By Hyung-jin Kim, AP
Monday, April 12, 2010

SKorean arrested for forcing NKorea defectors back

SEOUL, South Korea — South Korea has arrested one of its citizens on spy charges, alleging he worked with rival North Korea’s military to kidnap defectors from the repressive, impoverished country and the activists who helped them flee, an official said Monday.

The 55-year-old, who was taken into custody Thursday while on a visit to South Korea, purportedly worked with a female North Korean agent to shuttle those kidnapped — both the defectors and activists — to the North, where experts say they could face severe punishment, such as forced labor and years in prison. He accepted drugs from Pyongyang to fund his operations, according to the Yonhap news agency.

Prosecution spokesman Oh Se-in confirmed the man’s arrest, saying he allegedly violated the National Security Law, which carries a maximum sentence of death. The suspect denied the charges, Oh said.

The arrest is a window into the people-smuggling that occurs along the North Korean-Chinese border, where most of those escaping hunger and political oppression cross. More than 18,000 people are thought have fled North Korea since a 1953 truce ended the Korean war and split the peninsula. With the two Koreas divided by a heavily fortified no-go zone, China offers a key land route out of the North.

But Beijing has a policy of repatriating defectors, and so activists say tens of thousands of North Koreans live in hiding in China while waiting to travel to South Korea, the U.S. or other countries, where they can apply for refugee status. South Korea, in principle, accepts all North Korean defectors if they want to resettle in the South.

An undisclosed number of South Korean activists and missionaries secretly operate in China, sheltering and feeding defectors before helping them to their next destination.

The man arrested last week — whom the official only identified by his surname, Kim — is believed to have been trafficking drugs in China’s eastern Shandong province when in 1999 he met the female North Korean agent working for a spy organ affiliated with the North’s People’s Army. The official spoke on condition of anonymity because the investigation is ongoing.

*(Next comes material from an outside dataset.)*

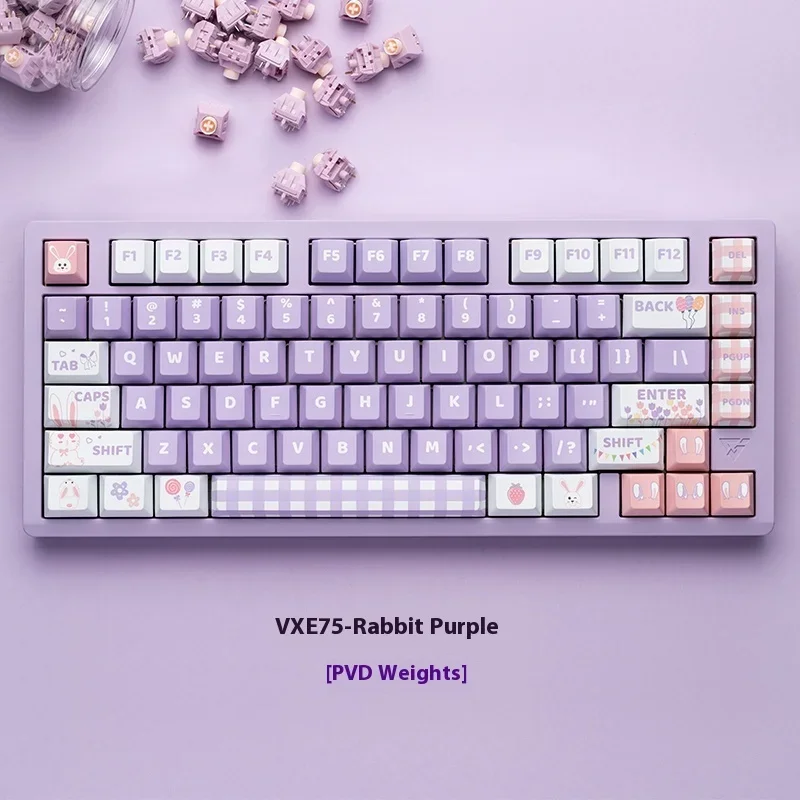 Vgn Vxe75 Usb Bluetooth Wireless 2.4g Game Power Customized Mechanical Keyboard 75% Aluminum Gasket Game Keyset Hot Plug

The mass-circulation Chosun Ilbo reported that Kim and the 51-year-old woman lived together in China, but it’s not clear if they were romantically involved, posing as a couple or merely living in the same house.

Kim allegedly traveled to Pyongyang in 2000 for 15 days of spy training and received $10,000 and 4.4 pounds (2 kilograms) of narcotics from the North, the official said.

He was then sent back to China, where he began abducting defectors and activists who were helping them, the official said. In one case, the man is believed to have kidnapped and repatriated a middle-aged North Korean defector to the northeastern North Korean city of Chongjin in 2006, he added.

Neither the official or Oh, the prosecution spokesman, would say how many activists and defectors the man has allegedly kidnapped.

He is also accused of trying to gather information on South Korean intelligence officers operating in Chinese towns near North Korea, the official said. Yonhap, citing the prosecution, said the man is believed to have failed to obtain the information the North wanted.

The two Koreas remain in a state of war because their three-year conflict ended in a truce, not a peace treaty. For decades after the conflict, both countries sent agents across the heavily fortified border to infiltrate the rival. But in recent years, both are believed to be focusing on less risky intelligence-gathering activities, such as information from the Internet and satellite photos.

The South Korean daily, Munhwa Ilbo, said the man returned to the South recently to avoid Chinese investigation of his drug trafficking.